Tuesday’s deadline for a political outline in the Iran talks is quickly approaching, but even if a deal is reached, it won’t necessarily give the White House the breathing room it needs.

Aggressive lobbying from Israeli Prime Minister Bibi Netanyahu and U.S. lawmakers, the Iranian role in fight against the Islamic State in Iraq, and the Saudi Arabia-led military operation in Yemen — all are using up the oxygen around the Iran talks in Switzerland, complicating the efforts of U.S. officials to protect the fragile nuclear negotiations ahead of a Tuesday deadline.

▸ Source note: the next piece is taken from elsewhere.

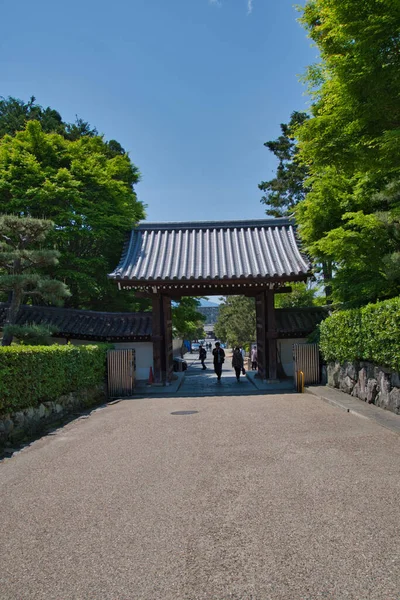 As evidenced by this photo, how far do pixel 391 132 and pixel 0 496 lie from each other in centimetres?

“We’ve said that March 31 is a deadline; it has to mean something and the decisions don’t get easier after March 31,” Marie Harf, acting spokeswoman for the State Department, told reporters Monday afternoon. “I think it’s no secret that our Congress certainly is interested in acting, and we have obviously said we’re very opposed to that action,” she continued. “That puts sort of an additional pressure on our side.”

Harf put the odds of coming away with an acceptable political outline by the end of Tuesday at 50-50, at best. That’s despite some notes of optimism over the weekend from the negotiators, which include Secretary of State John Kerry, and leaders from Iran, Russia, China, France, Germany and the United Kingdom. While Kerry and others are holed up in Lausanne, Switzerland, to make a final push, Obama administration officials have acknowledged those chances of success will drop precipitously after around 6 p.m. EDT, roughly midnight in Lausanne.

The final deadline for a deal to prevent Iran from developing a nuclear weapon is June 30, when the interim agreement in place since 2013 expires. Harf said the March marker was intended as an “action-forcing mechanism,” but she declined to answer whether the U.S. would walk away Tuesday if a preliminary framework weren’t reached. “We aren’t going to rush to accept a bad deal,” Harf said. “And so if we can’t get a good deal, we won’t take one, pure and simple.”

But far from it, recent briefings from White House officials have shown how the flare-up in a proxy war for influence in the region between Iran and Saudi Arabia is complicating the nuclear negotiations and challenging U.S. efforts to keep the issues untangled.

We’ve said that March 31 is a deadline; it has to mean something and the decisions don’t get easier after March 31.
Marie Harf, State Department Spokeswoman

White House press secretary Josh Earnest said Friday, “It shouldn’t [affect the talks], simply because we’ve been clear about the fact that the list of grievances that the United States has with Iran is lengthy.”

“Whether it’s Iran’s destabilizing activities throughout the region, their support for terror around the world and their unjust detention of Americans, we’ve got a long list of concerns with Iran’s behavior,” he said. “They long pre-dated the beginning of these diplomatic negotiations and so I would not characterize it as a significant increase in those tensions. Those tensions over those issues have been in place for quite some time, and they are serious. And they are certainly tensions that this administration takes seriously. In fact, they are part of what makes it so important that we prevent Iran from obtaining a nuclear weapon.”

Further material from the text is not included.